“Why should I? You haven’t stopped to consider me?” Clara retorted, frost in her tones. “But it doesn’t matter. Please say what you wish. I am interested in this story. I began it on the train and I’m anxious to finish it tonight. I shan’t have time to-morrow.”
“Oh, bother your old story!” Julia exclaimed. “You are simply peeved. The story I have to tell you is a good deal more interesting than the one you’re reading. I have just heard the true story of Leslie Cairns. What do you think of that?” Julia was full of malicious elation.
“True story?” Clara returned interrogatively. She refused to let curiosity interfere with her miffed assumption of dignity.
“Yes, the true story of how she led the girls she chummed with into a hazing party and then tried to lay the whole thing to them so as to save herself from being expelled. That’s the sort of person she is.”
“I suppose Mildred Ferguson told you all this,” Clara said coolly. “Where did she find out so much? How do you know what she says is true?”
“She found out about Miss Cairns from a cousin. The cousin was one of the girls who chummed with Miss Cairns, and who was with the hazing party. I believe every word of what she told me.” Julia crested her head in displeased defiance of Clara.
“Mm-m.” Clara unbent a trifle. “Who is her cousin? When did she hear about Miss Cairns? Off the campus, I believe. I’ve never found anyone on the campus who knew the rights of that hazing business. They say Miss Dean knows. She ought to, since she was the student those girls hazed. She’d never tell anyone a word about it, though.”

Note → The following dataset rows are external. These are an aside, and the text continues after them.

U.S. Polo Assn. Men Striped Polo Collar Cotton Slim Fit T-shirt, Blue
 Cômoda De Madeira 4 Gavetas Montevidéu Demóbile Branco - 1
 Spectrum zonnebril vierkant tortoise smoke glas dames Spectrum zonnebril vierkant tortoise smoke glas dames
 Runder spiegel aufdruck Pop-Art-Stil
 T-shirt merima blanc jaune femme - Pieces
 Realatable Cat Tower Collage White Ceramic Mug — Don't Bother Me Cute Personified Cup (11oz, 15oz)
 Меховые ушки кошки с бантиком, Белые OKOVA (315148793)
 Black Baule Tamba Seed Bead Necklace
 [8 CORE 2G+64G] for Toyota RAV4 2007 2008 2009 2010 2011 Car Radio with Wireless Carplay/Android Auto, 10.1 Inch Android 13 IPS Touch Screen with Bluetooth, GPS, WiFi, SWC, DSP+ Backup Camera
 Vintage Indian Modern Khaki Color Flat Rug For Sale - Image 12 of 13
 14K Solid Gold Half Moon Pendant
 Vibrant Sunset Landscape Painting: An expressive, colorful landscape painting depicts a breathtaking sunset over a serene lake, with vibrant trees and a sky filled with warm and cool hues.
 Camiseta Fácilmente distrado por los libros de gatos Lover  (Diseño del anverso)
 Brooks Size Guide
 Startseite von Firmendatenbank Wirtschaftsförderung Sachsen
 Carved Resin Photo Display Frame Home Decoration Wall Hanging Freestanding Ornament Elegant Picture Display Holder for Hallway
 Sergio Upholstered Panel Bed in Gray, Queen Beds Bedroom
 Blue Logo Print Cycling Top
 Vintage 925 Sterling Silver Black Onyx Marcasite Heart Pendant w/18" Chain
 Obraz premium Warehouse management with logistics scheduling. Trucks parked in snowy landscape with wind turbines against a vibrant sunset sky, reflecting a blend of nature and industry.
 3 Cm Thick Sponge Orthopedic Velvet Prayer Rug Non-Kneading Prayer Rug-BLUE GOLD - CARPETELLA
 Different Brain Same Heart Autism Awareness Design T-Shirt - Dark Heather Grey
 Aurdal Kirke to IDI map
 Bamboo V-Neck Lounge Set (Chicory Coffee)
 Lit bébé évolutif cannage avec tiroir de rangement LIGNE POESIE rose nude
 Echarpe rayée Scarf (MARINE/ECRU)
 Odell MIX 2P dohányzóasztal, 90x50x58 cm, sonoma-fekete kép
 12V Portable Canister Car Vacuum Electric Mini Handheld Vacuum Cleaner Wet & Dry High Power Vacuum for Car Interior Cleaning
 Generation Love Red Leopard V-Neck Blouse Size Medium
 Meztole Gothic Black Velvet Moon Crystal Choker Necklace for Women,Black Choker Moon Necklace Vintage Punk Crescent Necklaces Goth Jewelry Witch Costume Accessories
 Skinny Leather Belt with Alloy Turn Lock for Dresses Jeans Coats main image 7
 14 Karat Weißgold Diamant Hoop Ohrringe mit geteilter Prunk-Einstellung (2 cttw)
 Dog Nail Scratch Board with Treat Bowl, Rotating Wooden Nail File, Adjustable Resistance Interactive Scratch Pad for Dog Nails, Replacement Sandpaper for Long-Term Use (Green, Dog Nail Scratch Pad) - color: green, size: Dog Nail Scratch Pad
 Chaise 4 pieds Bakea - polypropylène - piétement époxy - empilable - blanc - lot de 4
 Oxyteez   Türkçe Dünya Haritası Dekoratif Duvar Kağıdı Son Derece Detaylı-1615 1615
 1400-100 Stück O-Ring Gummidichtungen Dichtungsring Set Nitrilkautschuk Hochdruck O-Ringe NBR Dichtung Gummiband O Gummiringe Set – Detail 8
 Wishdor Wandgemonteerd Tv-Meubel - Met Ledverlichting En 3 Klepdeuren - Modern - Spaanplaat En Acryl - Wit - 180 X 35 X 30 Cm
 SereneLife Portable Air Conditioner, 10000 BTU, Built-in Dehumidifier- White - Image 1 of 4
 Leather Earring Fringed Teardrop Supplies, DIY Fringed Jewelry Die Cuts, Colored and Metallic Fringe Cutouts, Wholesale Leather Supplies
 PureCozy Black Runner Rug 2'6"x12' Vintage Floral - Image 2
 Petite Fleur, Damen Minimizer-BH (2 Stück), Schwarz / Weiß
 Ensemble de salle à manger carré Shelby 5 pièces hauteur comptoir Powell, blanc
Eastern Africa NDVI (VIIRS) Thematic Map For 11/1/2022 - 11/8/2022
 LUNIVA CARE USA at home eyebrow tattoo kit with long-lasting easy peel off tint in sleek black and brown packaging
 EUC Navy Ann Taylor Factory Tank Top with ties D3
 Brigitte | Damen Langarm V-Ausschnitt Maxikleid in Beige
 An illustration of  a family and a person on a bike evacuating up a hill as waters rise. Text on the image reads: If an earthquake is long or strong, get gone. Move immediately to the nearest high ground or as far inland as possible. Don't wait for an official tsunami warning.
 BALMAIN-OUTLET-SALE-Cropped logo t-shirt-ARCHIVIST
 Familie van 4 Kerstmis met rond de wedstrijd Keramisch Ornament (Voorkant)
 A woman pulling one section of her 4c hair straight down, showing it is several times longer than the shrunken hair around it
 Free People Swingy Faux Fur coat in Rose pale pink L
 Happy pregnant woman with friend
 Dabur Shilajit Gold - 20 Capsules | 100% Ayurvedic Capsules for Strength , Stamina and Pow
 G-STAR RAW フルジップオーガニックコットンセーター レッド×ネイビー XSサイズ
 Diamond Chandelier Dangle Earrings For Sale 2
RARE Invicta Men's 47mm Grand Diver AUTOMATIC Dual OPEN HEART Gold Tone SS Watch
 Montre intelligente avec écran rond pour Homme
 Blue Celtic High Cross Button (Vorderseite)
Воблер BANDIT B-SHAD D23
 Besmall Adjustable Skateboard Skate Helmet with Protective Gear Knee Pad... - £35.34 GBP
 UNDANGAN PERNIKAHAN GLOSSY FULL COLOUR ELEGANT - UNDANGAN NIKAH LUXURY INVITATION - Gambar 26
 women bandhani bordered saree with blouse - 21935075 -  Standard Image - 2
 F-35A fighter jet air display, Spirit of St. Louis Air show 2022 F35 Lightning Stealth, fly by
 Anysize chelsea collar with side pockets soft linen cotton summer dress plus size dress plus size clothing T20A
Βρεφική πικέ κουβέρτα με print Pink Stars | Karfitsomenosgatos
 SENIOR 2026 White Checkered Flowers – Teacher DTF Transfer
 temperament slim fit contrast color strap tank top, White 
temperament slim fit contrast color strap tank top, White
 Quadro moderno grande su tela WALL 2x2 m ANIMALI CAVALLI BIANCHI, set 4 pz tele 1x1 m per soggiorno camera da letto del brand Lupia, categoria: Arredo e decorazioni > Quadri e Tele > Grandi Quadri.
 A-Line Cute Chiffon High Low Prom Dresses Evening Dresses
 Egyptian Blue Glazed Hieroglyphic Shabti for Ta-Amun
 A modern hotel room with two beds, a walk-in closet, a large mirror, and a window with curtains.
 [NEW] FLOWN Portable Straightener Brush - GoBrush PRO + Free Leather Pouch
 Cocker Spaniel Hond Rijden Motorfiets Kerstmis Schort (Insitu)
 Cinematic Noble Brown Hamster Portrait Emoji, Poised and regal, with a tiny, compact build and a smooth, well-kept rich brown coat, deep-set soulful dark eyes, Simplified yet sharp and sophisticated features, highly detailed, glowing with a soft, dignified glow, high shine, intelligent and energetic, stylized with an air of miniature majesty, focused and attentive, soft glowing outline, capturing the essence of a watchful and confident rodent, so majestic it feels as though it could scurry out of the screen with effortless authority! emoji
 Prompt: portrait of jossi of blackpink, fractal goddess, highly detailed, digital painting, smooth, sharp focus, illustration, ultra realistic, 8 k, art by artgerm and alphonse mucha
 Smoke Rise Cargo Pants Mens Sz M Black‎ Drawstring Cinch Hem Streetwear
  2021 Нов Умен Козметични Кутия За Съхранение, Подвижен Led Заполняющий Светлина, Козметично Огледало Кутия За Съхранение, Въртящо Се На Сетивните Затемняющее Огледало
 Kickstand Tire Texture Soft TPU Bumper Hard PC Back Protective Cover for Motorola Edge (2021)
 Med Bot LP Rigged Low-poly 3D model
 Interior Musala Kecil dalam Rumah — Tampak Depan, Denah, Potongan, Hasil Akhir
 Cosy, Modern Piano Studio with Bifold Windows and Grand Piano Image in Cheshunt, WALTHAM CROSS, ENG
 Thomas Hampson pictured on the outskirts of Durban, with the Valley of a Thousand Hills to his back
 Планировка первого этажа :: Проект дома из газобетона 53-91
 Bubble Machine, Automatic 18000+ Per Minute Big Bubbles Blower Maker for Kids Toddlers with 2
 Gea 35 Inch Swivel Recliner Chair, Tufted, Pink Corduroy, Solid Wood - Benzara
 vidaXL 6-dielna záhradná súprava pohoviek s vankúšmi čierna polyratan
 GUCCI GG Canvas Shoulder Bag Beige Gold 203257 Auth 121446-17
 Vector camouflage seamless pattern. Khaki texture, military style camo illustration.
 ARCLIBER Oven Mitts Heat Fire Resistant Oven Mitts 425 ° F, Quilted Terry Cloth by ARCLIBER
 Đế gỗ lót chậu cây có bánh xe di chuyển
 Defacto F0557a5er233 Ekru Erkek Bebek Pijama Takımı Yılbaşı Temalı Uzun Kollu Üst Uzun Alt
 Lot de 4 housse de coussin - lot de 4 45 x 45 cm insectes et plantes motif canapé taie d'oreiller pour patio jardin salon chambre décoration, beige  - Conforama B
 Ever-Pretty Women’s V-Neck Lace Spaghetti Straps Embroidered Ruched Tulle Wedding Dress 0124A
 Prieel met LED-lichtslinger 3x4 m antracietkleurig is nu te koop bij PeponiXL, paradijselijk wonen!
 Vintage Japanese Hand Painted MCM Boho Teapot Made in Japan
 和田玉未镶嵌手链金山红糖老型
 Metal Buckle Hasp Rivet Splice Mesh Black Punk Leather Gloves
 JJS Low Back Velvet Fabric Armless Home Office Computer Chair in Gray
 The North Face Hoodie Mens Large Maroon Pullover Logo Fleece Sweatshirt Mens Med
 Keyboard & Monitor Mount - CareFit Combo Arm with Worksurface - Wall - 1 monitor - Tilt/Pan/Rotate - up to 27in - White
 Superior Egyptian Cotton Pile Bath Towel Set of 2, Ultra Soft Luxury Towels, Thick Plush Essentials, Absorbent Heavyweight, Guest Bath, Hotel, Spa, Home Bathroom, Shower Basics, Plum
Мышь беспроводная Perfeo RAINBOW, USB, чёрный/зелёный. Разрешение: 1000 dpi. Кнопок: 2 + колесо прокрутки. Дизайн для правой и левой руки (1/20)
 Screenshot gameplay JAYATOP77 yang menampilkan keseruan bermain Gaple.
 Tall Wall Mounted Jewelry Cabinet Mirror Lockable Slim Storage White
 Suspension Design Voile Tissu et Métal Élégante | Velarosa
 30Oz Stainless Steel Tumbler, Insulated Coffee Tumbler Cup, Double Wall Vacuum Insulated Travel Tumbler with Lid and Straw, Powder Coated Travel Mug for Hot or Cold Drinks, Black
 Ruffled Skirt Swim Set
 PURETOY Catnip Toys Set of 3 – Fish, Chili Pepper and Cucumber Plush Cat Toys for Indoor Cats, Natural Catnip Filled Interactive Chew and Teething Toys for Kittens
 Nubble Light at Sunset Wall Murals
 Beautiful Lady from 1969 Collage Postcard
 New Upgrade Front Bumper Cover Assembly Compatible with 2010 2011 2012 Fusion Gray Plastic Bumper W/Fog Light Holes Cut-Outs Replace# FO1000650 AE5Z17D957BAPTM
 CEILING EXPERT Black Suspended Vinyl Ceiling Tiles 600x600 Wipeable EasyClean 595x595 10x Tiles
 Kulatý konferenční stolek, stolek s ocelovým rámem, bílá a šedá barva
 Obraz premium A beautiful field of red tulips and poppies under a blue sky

“She may keep her information,” shrugged Julia scornfully. “I know more about it now, perhaps, than she does. I mean, I know the Cairns side of it. You see Mildred’s cousin is a very rich girl named Dulcie Vale. She is a society favorite, but she was a senior at Hamilton when it all happened.”
“Then she must have been expelled from Hamilton, too.” Clara put in half contemptuously. “All those San Soucians were expelled.”
“She was not,” Julia emphasized, frowning. “She left Hamilton before it happened because she knew that Leslie Cairns had betrayed the whole crowd of girls by being too confidential with another student named Miss Walbert, who was noted on the campus as a tale-bearer and gossip.”